Extracted data entries
########################################

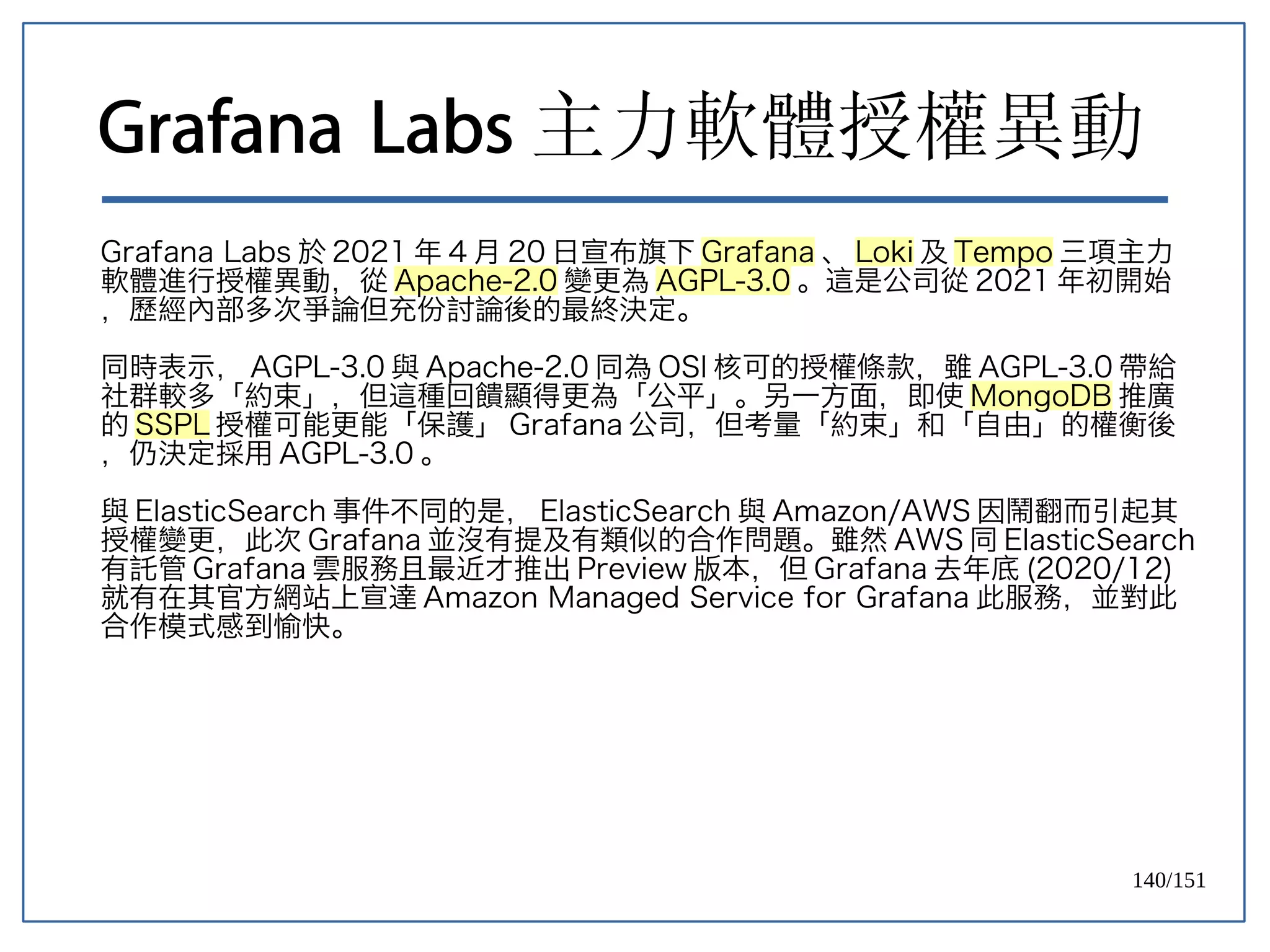 140/151
Grafana Labs 主力軟體授權異動
Grafana Labs 於 2021 年 4 月 20 日宣布旗下 Grafana 、 Loki 及 Tempo 三項主力
軟體進行授權異動，從 Apache-2.0 變更為 AGPL-3.0 。這是公司從 2021 年初開始
，歷經內部多次爭論但充份討論後的最終決定。
同時表示， AGPL-3.0 與 Apache-2.0 同為 OSI 核可的授權條款，雖 AGPL-3.0 帶給
社群較多「約束」，但這種回饋顯得更為「公平」。另一方面，即使 MongoDB 推廣
的 SSPL 授權可能更能「保護」 Grafana 公司，但考量「約束」和「自由」的權衡後
，仍決定採用 AGPL-3.0 。
與 ElasticSearch 事件不同的是， ElasticSearch 與 Amazon/AWS 因鬧翻而引起其
授權變更，此次 Grafana 並沒有提及有類似的合作問題。雖然 AWS 同 ElasticSearch
有託管 Grafana 雲服務且最近才推出 Preview 版本，但 Grafana 去年底 (2020/12)
就有在其官方網站上宣達 Amazon Managed Service for Grafana 此服務，並對此
合作模式感到愉快。
 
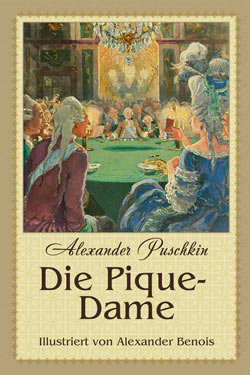 Alexander Puschkin. Die Pique-Dame (Illustriert von Alexander Benois)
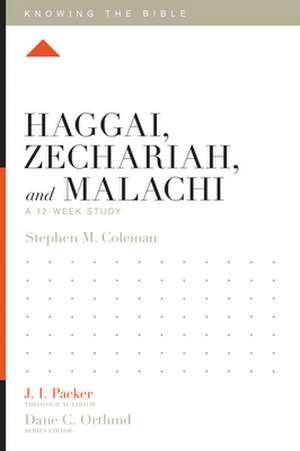 Haggai, Zechariah, and Malachi – A 12–Week Study de Stephen M. Coleman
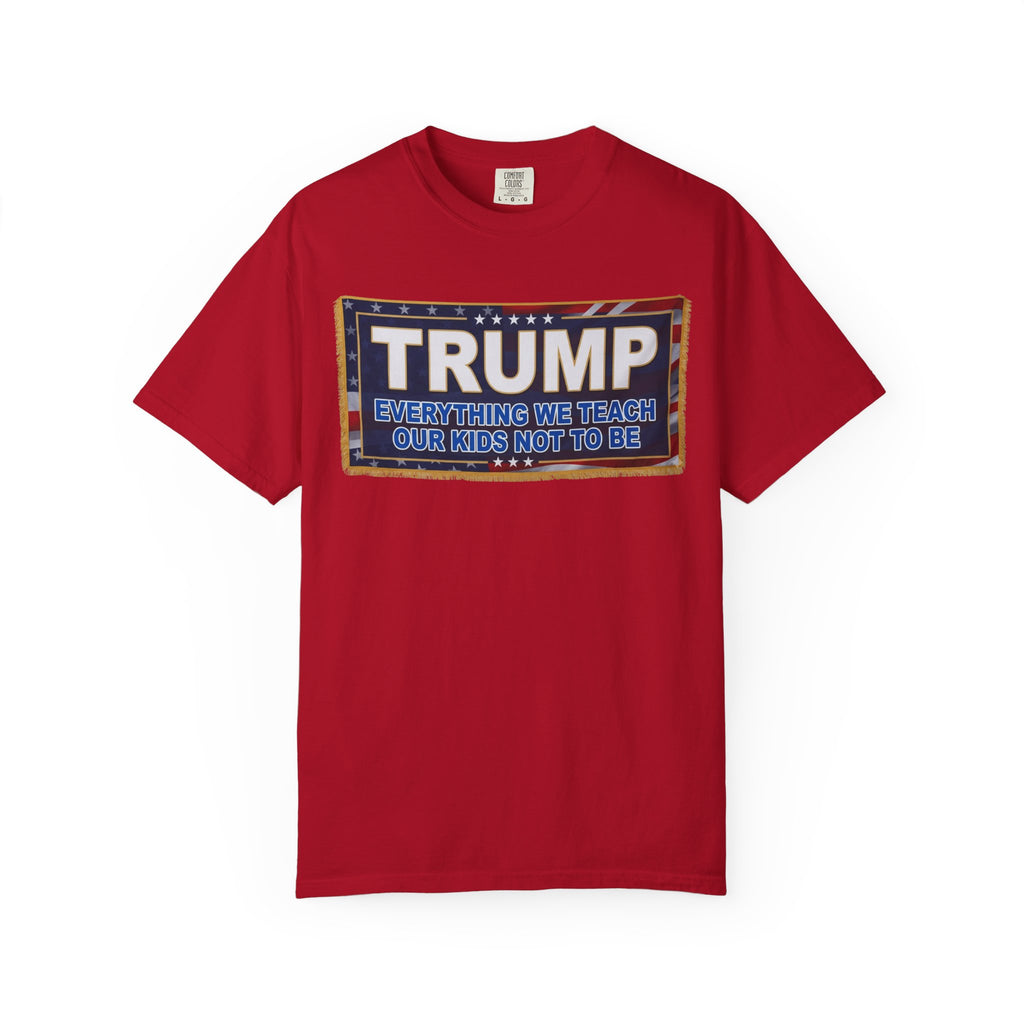"Trump Teach Our Kids" Unisex Garment-Dyed Tee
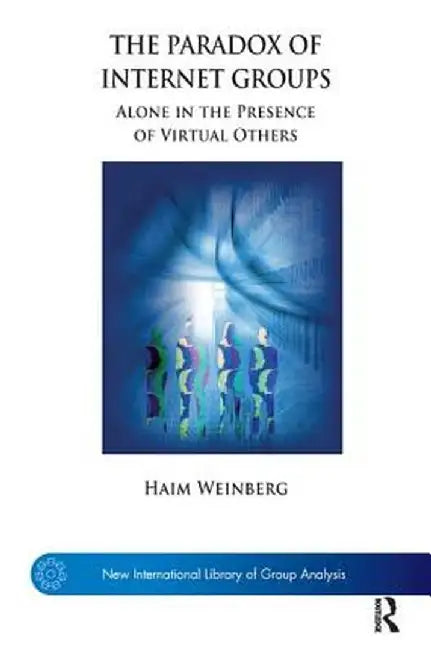 The Paradox of Internet Groups: Alone in the Presence of Virtual Others by Haim Weinberg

########################################

## What is being asked
Only the lines from the one containing "Unisex Garment-Dyed Tee" through the last line of the data belong in the copy, both included and reproduced exactly. Pictures do not.

## Answer section
"Trump Teach Our Kids" Unisex Garment-Dyed Tee
 The Paradox of Internet Groups: Alone in the Presence of Virtual Others by Haim Weinberg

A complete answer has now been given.